Dalam sistem kapitalisme saat ini, apabila menghasilkan keuntungan, maka akan mendapatkan tempat untuk berkembang, termasuk judi online. Perjudian merambat dengan pesat bersamaan dengan berkembangnya teknologi informasi. Bandar judi pun mengambil peluang ini dengan menyediakan judi online agar mudah diakses oleh masyarakat di mana pun dan kapan pun. Kurangnya kontrol pemerintah membuat praktik judi online makin meluas di tengah masyarakat.
Judi online sangat menggiurkan bagi masyarakat. Kesusahan ekonomi membuat masyarakat mengambil jalan pintas untuk cepat mendapatkan uang. Bukan hanya itu, gaya hidup hedon yang makin parah dan budaya ‘flexing’ menjadi pemicu untuk mendapatkan uang secara instan. Bahkan, aparat dan pejabat juga ada yang terjerat sebagai pelaku judi online. Lantas, mengapa judi online makin marak di negeri ini?
Hal ini karena negara menganut paham sekuler (kebebasan) yang memisahkan agama dari kehidupan sehingga membuat masyarakat tidak menstandarkan perbuatannya pada halal-haram. Mereka hanya sibuk mengumpulkan uang tanpa memperhatikan nilai keberkahan. Bahkan, bisnis haram pun dijadikan usaha untuk meraup keuntungan.
Oleh karena itu, memberantas judi online makin susah dan kasusnya terus meningkat. Upaya pencegahan pun turut dilakukan, tetapi tidak pernah mampu memberantas sampai ke akarnya. Apalagi dengan adanya pajak dari judi online, maka akan makin sulit untuk diberantas karena hal ini merupakan keuntungan yang sulit diabaikan oleh sistem kapitalisme.
Berbeda dengan Islam. Islam menetapkan judi hukumnya haram dalam bentuk apa pun, sebagaimana firman Allah Swt., “Sesungguhnya minuman keras (khamar), berjudi, (berkurban untuk) berhala, dan mengundi nasib dengan panah adalah perbuatan keji dan termasuk perbuatan setan. Maka jauhilah perbuatan-perbuatan itu agar kamu beruntung.” (QS Al-Maidah: 90).
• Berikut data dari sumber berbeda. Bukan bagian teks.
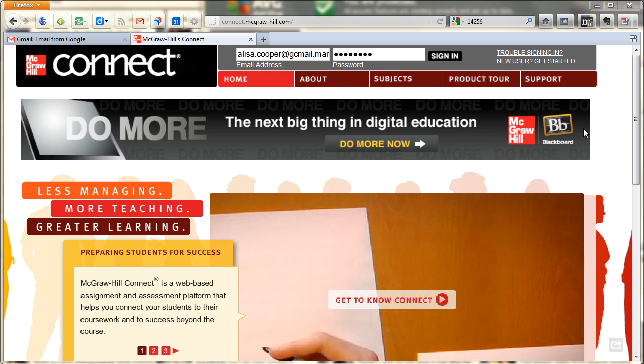This is also the first of a few training sessions to help you get started using Connect in the fall. Remember, Connect won't be available until the fall, so this summer you're stuck with the old Connect.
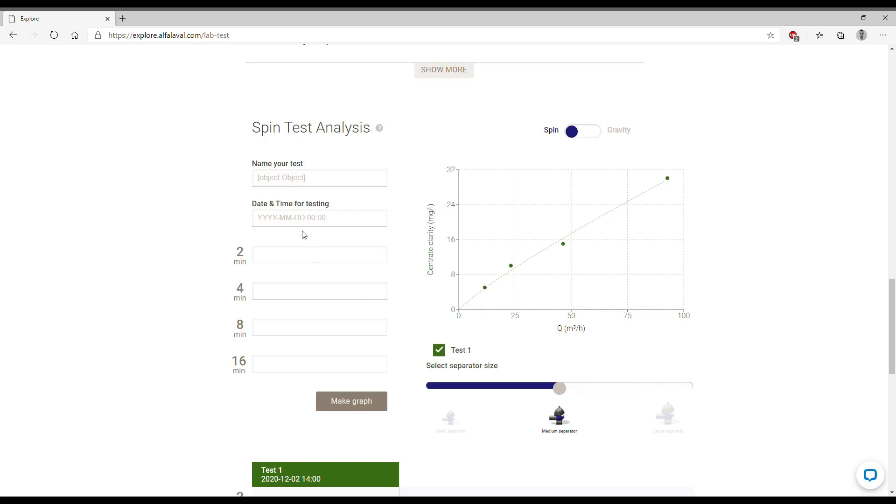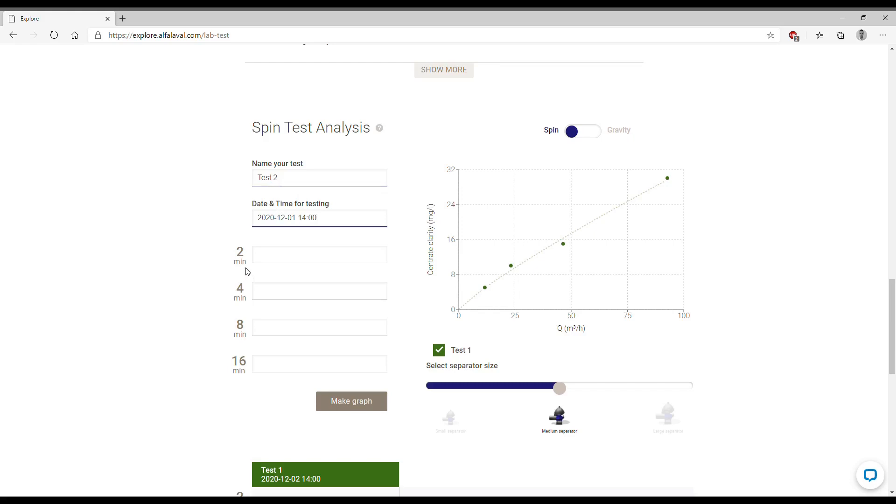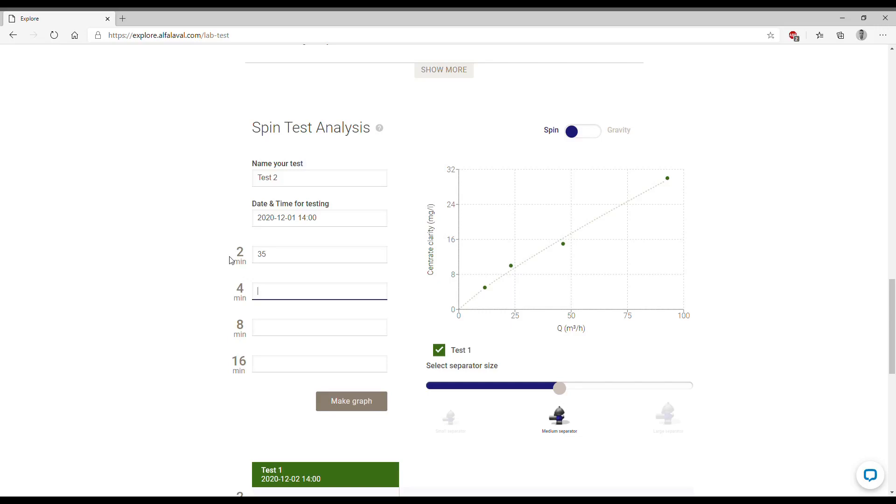We can also enter another test if we have more points. We can add them to this curve and see how they correlate between each other. So let's assume that we repeated the same test just one day before. Instead of 30 mg per liter after two minutes we can assume to have 35, then instead of 15 we can assume 17, 8 and 2 just to see how the curves look like.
Selain itu, di dalam sistem Islam, terdapat 3 pilar dalam memberantas kemaksiatan, yaitu ketakwaan individu, kontrol masyarakat berupa amar makruf nahi mungkar antar sesama, dan kewajiban negara dalam menerapkan aturan Islam secara kafah. Sanksi tindak pidana perjudian ditegakkan layaknya sanksi khamar berupa 40 kali cambuk, ada juga yang berpendapat hingga 80 kali cambukan.
Ketika negara menerapkan sistem Islam dan sanksi (uqubat), maka akan lebih mudah dalam memberantas judi, baik itu online maupun offline. Ini karena hukum Islam memberikan efek zawajir (pencegah) dan jawabir (penebus dosa).
Diperkuat pula dengan sistem pendidikan Islam sehingga mampu membentuk kepribadian Islam pada generasi. Fondasi yang kuat berasaskan akidah Islam menghadirkan kesadaran pada generasi untuk senantiasa taat, amanah, dan selalu menstandarkan perbuatan pada hukum syarak.
Dengan demikian, individu dan masyarakat akan terbebas dari judi online ketika ada negara yang menaunginya, yakni Daulah Khil4f4h Islamiah. Negara inilah yang akan menerapkan aturan Islam secara kafah dalam kehidupan. Wallahu a’lam.